Sur le marché de Notre-Dame-du-Mont (5e), la militante marseillaise Marion Pigamo et ses troupes tractent, elles, pour Benoît Hamon. Vendredi 13 janvier, le candidat tiendra meeting à l’Espace Julien, une salle de concerts de 1 200 places implantée dans ce quartier mi-populaire, mi-bobo du centre-ville. « Le choix du lieu est symbolique, à l’image de la tonalité de sa campagne, se réjouit la représentante départementale de Benoît Hamon. Mais surtout, c’est le seul à pouvoir remplir en si peu de temps une salle de cette taille. Nous sommes sur une dynamique, et on ne va pas se priver de le montrer ».

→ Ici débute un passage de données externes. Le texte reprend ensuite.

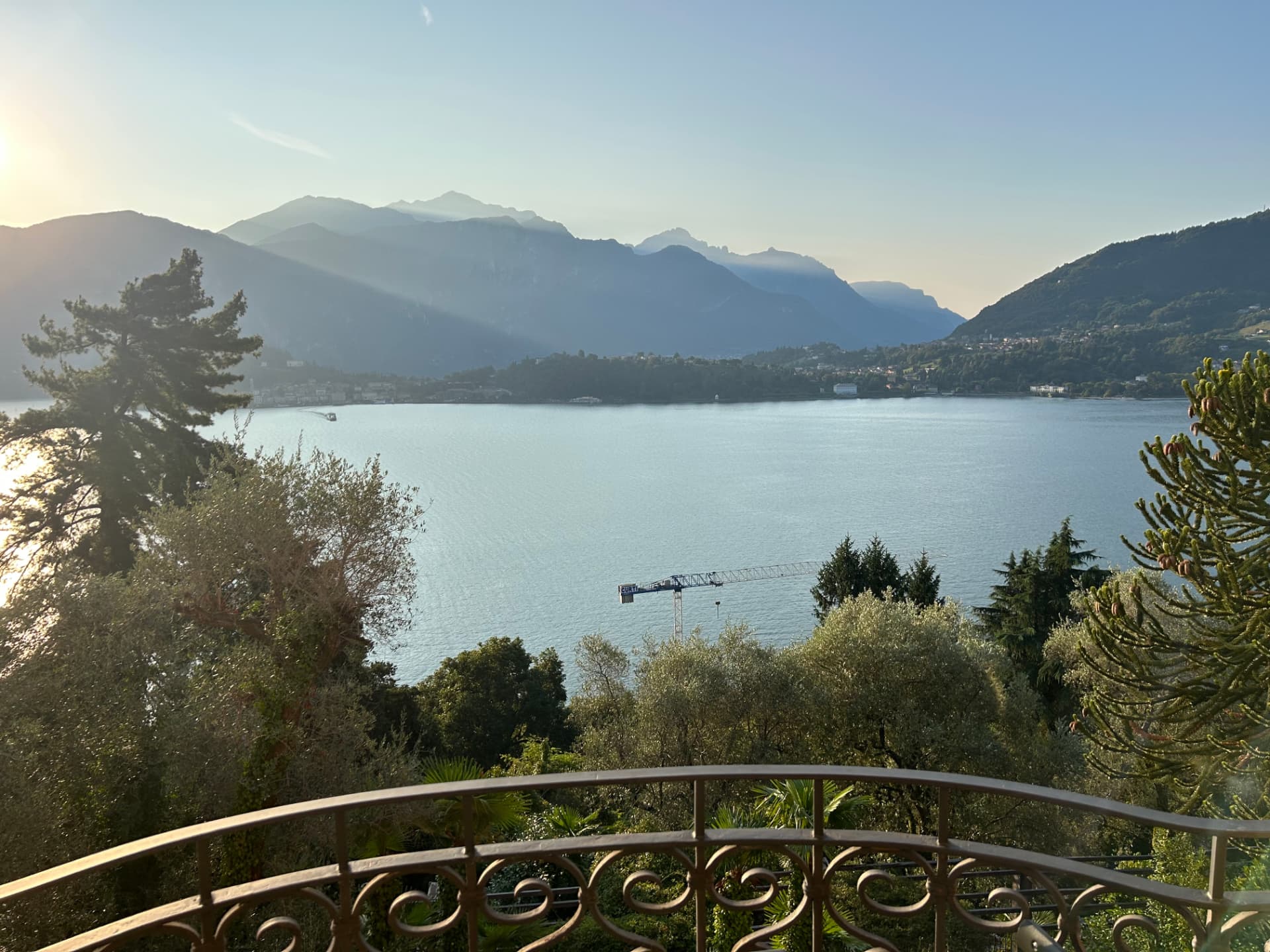 Blick vom Balkon der Villa La Collina über den Comer See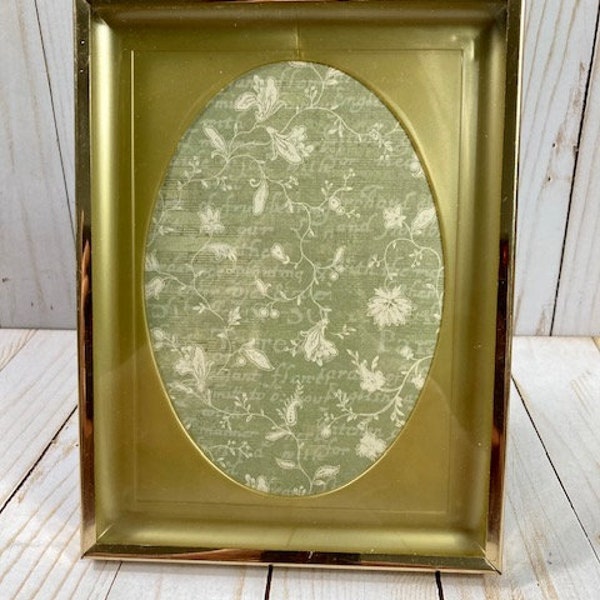 Vintage Gold Shadow Box Picture Frame, vintage wedding picture frames, vintage gold metal picture frames ( 8x 10)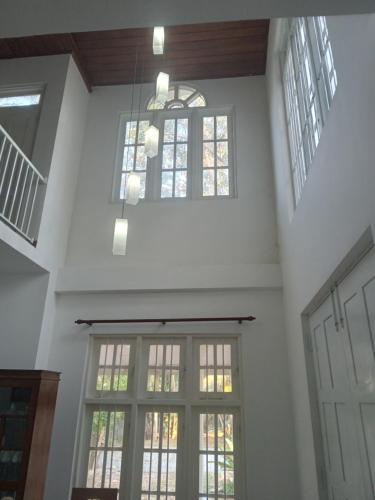 Φωτογραφία από το άλμπουμ του Cozy villa in green σε Panadura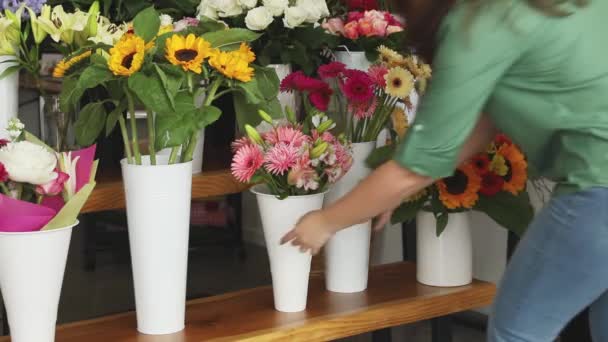 Bisnis kecil. Wanita penjual bunga tidak fokus di toko bunga. Studio desain bunga, membuat dekorasi dan pengaturan. Pengiriman bunga, membuat urutan — Stok Video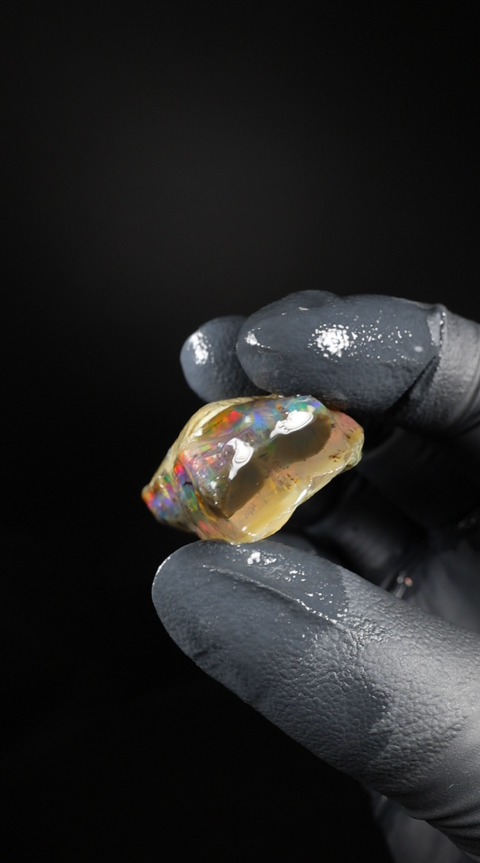 17.84g Rough Specimen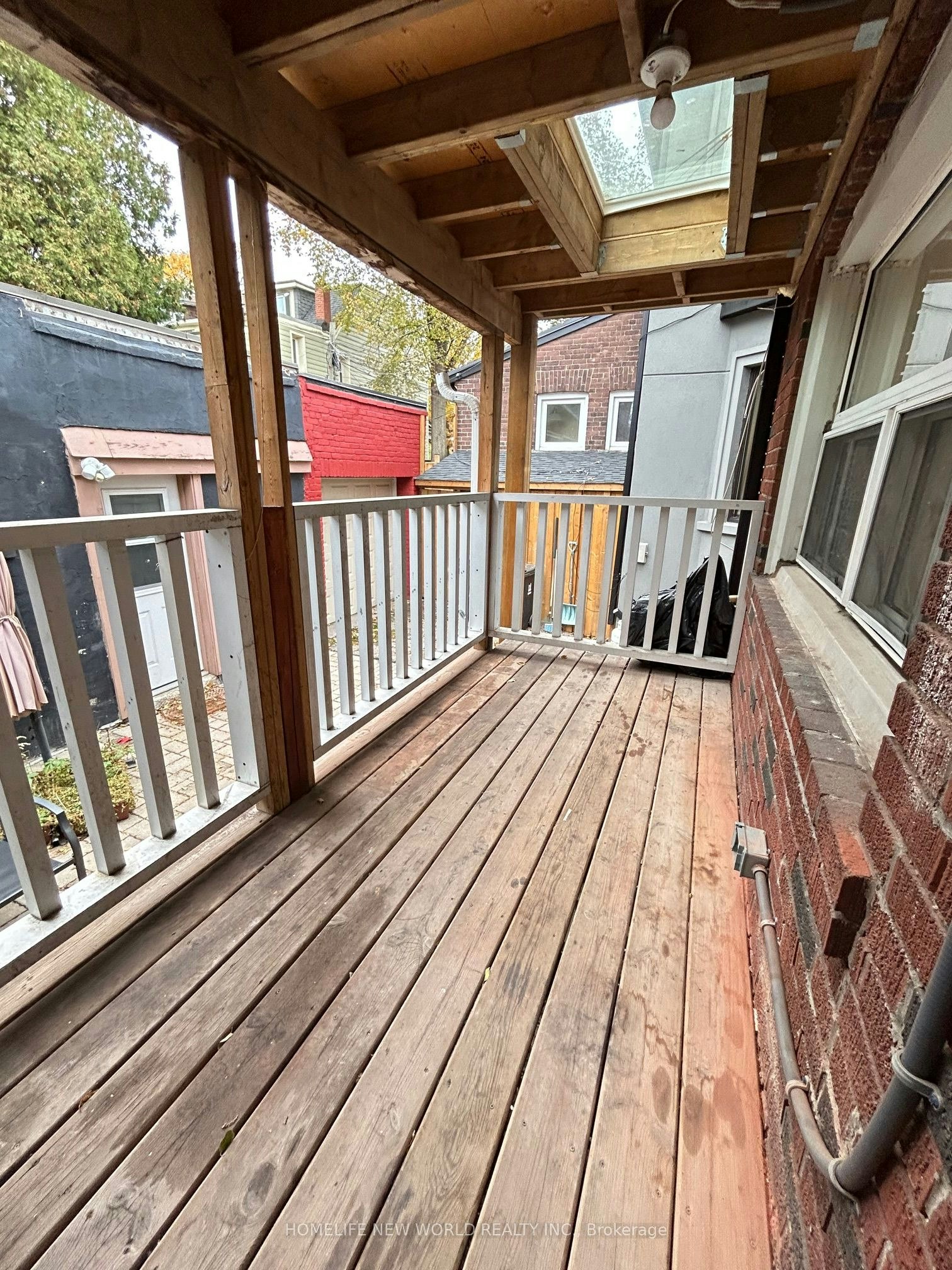 Main Floor-218 Greenwood Avenue, Toronto, ON, M4L 2R2 - 22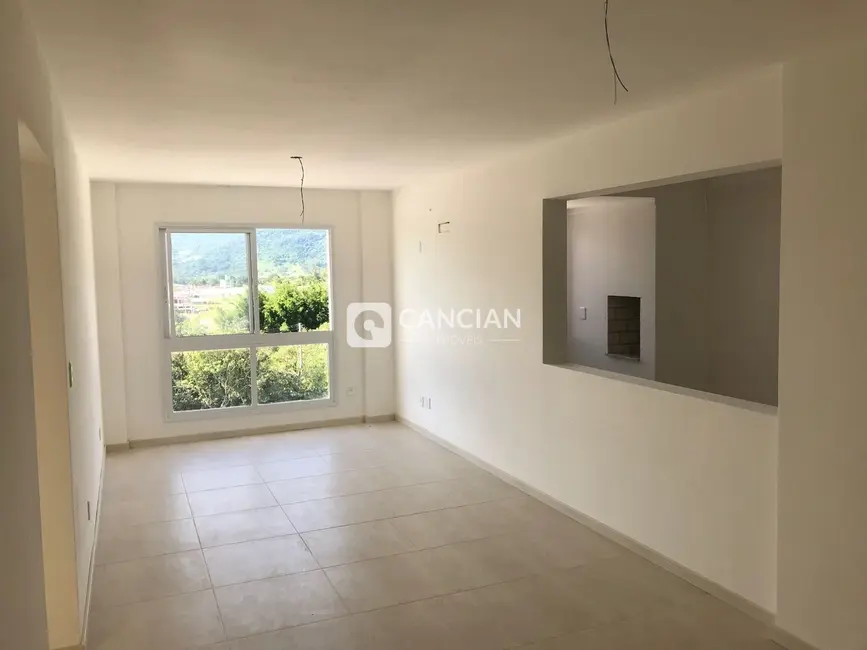 Foto 2 de Apartamento com 2 quartos à venda, 73m2 em Camobi, Santa Maria - RS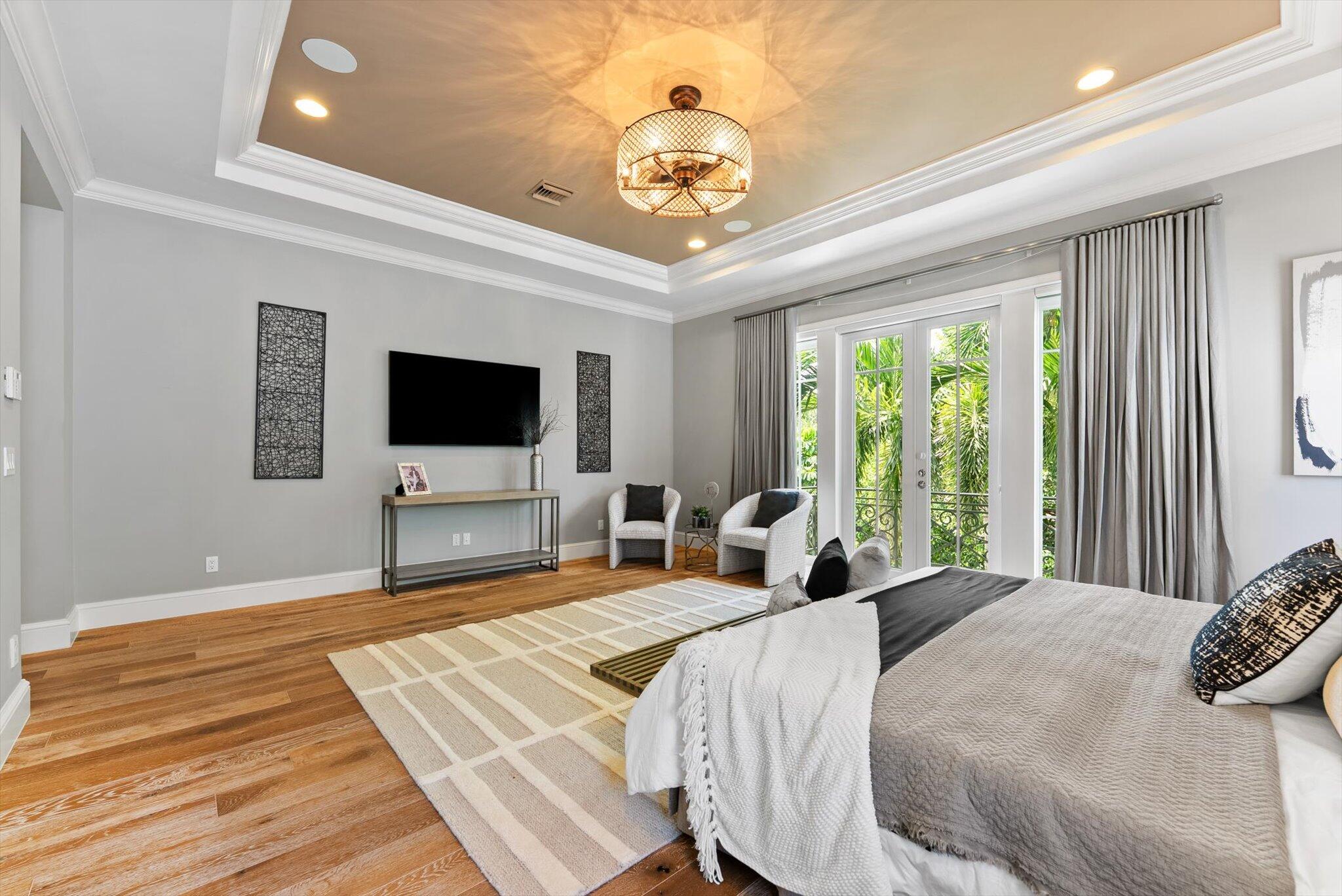 475 NE 4th Street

Dans les Bouches-du-Rhône, aucun autre candidat ne tiendra meeting d’ici au premier tour. Pas même le local de l’étape, l’ex-conseiller métropolitain Jean-Luc Bennahmias, président du Front démocrate. « Cela ne sert à rien, tranche Christophe Madrolle, représentant de ’’son ami Jean-Luc’’ et ancien leader des listes régionales PS-Union des démocrates et écologistes (UDE) en 2015. Et puis, c’est une question de moyens : en tant que partenaires, nous ne bénéficions pas des 50 000 euros que le PS donne à ses candidats. » Pour lui, la campagne de terrain se résume à des « réunions Tupperware chez des militants », des tractages sur les marchés et à une dizaine d’invitations devant des sections PS à Aix, Miramas ou Marseille. Comme les représentants des autres candidats, l’UDE Christophe Madrolle salue l’organisation mise en place par la fédération des Bouches-du-Rhône « qui a associé très tôt les partenaires que nous sommes ».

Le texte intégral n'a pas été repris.